■ **How to complete this task**: Below are several records. Retype exactly those lines running from the one with "Shri Ajitnath Jain" through the one with "Calmes - Standing", end lines included, and no others.
__________________________________________________
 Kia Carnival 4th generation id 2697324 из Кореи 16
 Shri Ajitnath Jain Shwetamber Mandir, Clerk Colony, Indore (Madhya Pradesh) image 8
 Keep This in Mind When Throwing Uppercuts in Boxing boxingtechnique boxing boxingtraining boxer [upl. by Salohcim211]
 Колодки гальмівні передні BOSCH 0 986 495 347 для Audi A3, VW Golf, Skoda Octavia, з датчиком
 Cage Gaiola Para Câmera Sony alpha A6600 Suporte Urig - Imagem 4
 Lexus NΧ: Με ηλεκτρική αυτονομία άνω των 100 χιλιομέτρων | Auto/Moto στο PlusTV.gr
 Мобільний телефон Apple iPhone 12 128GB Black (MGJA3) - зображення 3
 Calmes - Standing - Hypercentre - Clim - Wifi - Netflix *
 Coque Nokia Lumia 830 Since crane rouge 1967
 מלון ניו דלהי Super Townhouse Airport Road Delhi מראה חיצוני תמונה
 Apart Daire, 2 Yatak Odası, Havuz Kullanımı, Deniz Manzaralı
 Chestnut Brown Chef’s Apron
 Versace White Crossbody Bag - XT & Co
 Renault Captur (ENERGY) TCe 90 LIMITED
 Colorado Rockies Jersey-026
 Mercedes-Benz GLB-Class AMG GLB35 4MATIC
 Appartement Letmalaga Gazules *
__________________________________________________
■ **Problem solution**:
 Shri Ajitnath Jain Shwetamber Mandir, Clerk Colony, Indore (Madhya Pradesh) image 8
 Keep This in Mind When Throwing Uppercuts in Boxing boxingtechnique boxing boxingtraining boxer [upl. by Salohcim211]
 Колодки гальмівні передні BOSCH 0 986 495 347 для Audi A3, VW Golf, Skoda Octavia, з датчиком
 Cage Gaiola Para Câmera Sony alpha A6600 Suporte Urig - Imagem 4
 Lexus NΧ: Με ηλεκτρική αυτονομία άνω των 100 χιλιομέτρων | Auto/Moto στο PlusTV.gr
 Мобільний телефон Apple iPhone 12 128GB Black (MGJA3) - зображення 3
 Calmes - Standing - Hypercentre - Clim - Wifi - Netflix *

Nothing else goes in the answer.